The Acacians, also known as the Homoeans, were an Arian sect which first emerged into distinctness as an ecclesiastical party some time before the convocation of the joint synods of Rimini and Seleucia Isauria in 359. The sect owed its name and political importance to Acacius, Bishop of Caesarea, oi peri Akakion, whose theory of adherence to scriptural phraseology it adopted and endeavoured to summarize in its various catch words: homoios, homoios kata panta, k.t.l.
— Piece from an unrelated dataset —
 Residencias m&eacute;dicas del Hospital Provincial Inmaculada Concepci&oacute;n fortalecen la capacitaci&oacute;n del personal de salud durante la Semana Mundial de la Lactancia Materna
In order to understand the theological significance of Acacianism as a critical episode in both the logical and historical progress of Arianism, it is needful to recall that the definition of the Homoousion, promulgated at Nicaea in 325, rather than putting an end to further discussion, became the occasion for keener debate and for still more confusion of statement in the formulation of theories on the relationship of the Son of God to His Father. Events had already begun to ripen towards a fresh crisis shortly after the advent of Constantius to sole power, on the death of his brother Constans in the year 350. The new Augustus was a man with a turn for theological debate (Ammianus, XXI, xvi) that soon made him a strong promoter of the Eusebian faction. Roughly speaking, there were at this period only three parties in the Church: the Nicene party, who sympathized for the most part with Athanasius and his supporters; the Eusebian or Court party and their Semi-Arian followers; and, last of all, the Anomoean party which owed its origin to Aetius. In the summer of 357, Ursacius and Valens, the advocates of this latter group of dissidents in the West, through the influence which they were enabled to bring to bear upon the Emperor by means of his second wife, Aurelia Eusebia (Panegyr. Jul. Orat., iii; Ammianus, XXI, vi, 4), succeeded in bringing about a conference of bishops at Sirmium.